1 of 2 people found the following review helpful
Tightly plotted, hamstrung by dialogue.,
This review is from: Killing, the (DVD)The Killing (Stanley Kubrick, 1956)
For many years, I have been fond of saying that the only Kubrick film I could stomach was Lolita. While The Killing isn't up to those standards (and certainly doesn't rate a spot in IMDB's Top 250, where it sits as I write this), it's certainly a film with rewatchability potential.
Johnny Clay (The Godfather's Sterling Hayden) has just gotten out after a five-year stint in prison, and needs cash. He concocts a scheme to knock over a racetrack to the tune of $2 million, give or take a few rubles. Putting together a core team of five guys, and with two on the periphery, they plan and execute the crime. That, of course, is when things start getting interesting.
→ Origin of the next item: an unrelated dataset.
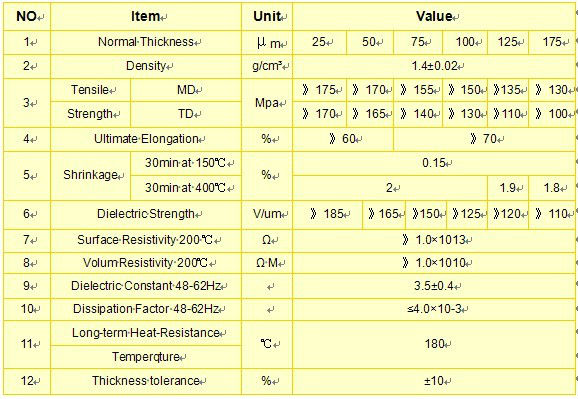 polyimide coated FEP film , PI-FEP film, Polyimide film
This is good, solid film noir, for the most part. Where it fails to make the cut are in the narration (and Kubrick's bouncing back and forth in time like a pinball, which necessitates it) and the dialogue, written by cult favorite Jim Thompson (The Grifters, The Killer Inside Me, etc). The dialogue has about as much meat to it as one finds in a typical Spillane novel; it's fun, but "timeless" is not a word I'd use to describe it by a longshot. That being the case, it's hard for the actors involved to really get their heads around most parts; they do the best they can with what they have, and in some cases, that's enough to make the characters come alive. Elisha Cook, Jr., is especially good, despite having some of the most ineffectual dialogue ever written for a straight mystery film.
The strongest part of the film, on the other hand, is the ending, a shaggy-dog-story style beauty that would later appear in a different form in Ocean's Eleven (the original, good version, not that overblown Soderbergh piece of trash). It is inevitable, and beautiful.